Beyond the exhaustive reporting lies the pace and rhythm of the production. The Games are sport, but the telecast is television, and produced as such. Billings likens the Olympics broadcast to a vast puzzle, each piece meticulously arranged to ensure maximum engagement. This is most obvious in how NBC entices viewers to stay tuned for its marquee stories, slowly and relentlessly building up to them each evening. This, too, started with Schiavone. He called it “linkage” and deemed it the most important principle for the broadcast.

Still, there are only so many ways to arrange these pieces. The telecast of any summer olympiad invariably revolves around swimming, diving, gymnastics, track, and beach volleyball. This "gymnastics and swimming" model dates to the 1970s, but Billings says it came to the fore in the '90s. "I think that by Atlanta in '96 they had worked out what works in what format in what manner," he says. "Since then, they've never wiped the slate clean. They've adapted that winning formula."

Saved By Streaming

It looked like that formula might fall apart in London. NBC lost $223 million on the 2010 Winter Games in Vancouver, and 2012 wasn’t looking much better. London is five hours or more ahead of the United States, creating the possibility that people would find results and highlights online and not tune in. NBC planned to stream more events than ever, further threatening to siphon viewers from prime time. And the network experienced an online firestorm over its decision to tape-delay the opening ceremony.

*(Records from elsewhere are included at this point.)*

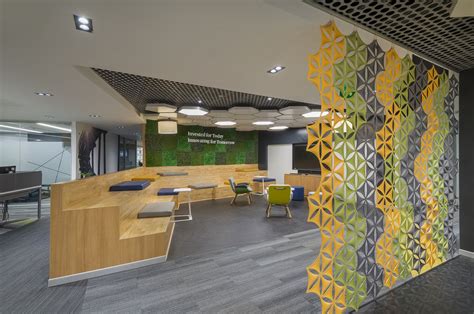 Cherry Hill >> Projects >>BNY Chennai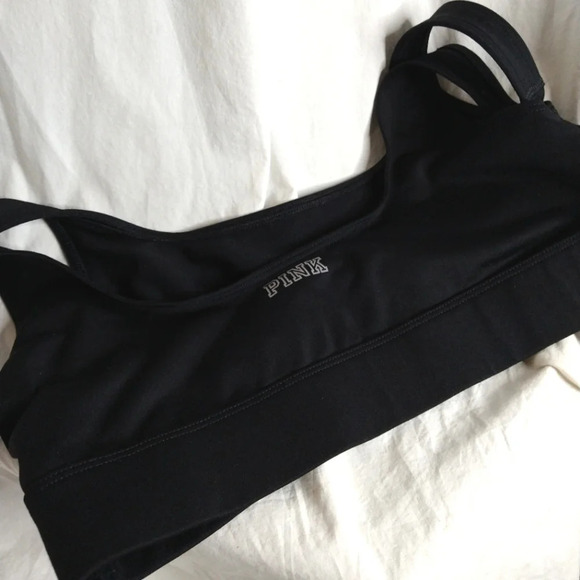BOGO Pink Ultimate Sports Bra Bundle EUC ❤️ - Picture 10 of 14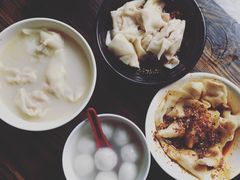 -龙抄手(文殊坊店)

Yet the 2012 Olympics telecast was the most-watched television event in history, drawing an average of 31 million viewers a night for 17 nights---219 million people in all.

NBC paid $1.23 billion for the rights to broadcast more than 6,700 hours of coverage across an archipelago of cable and digital platforms this year. For the first time, every event will be streamed live--"every frame of Olympic competition," as Bell puts it. Does this mark the start of a new age of Olympic consumption--the first comprehensive, self-curated olympiad?

Perhaps. But the very question helps explain the unlikely longevity of the Olympic broadcast against an on-demand media landscape that disseminates and dissects information even as it’s unfolding. By packaging each day’s events as an interlocking and self-reinforcing story, NBC has protected the Games from disintermediation. It makes the pieces of action you might see on Twitter or Facebook seem like exactly that: piecemeal action. NBC's research suggests that viewers are more likely to watch an event in prime time after they've seen the result earlier in the day. In other words, spoilers work to the network’s advantage. This is because, as Billings notes, people don’t necessarily tune in to see who wins. They tune in to see how they win.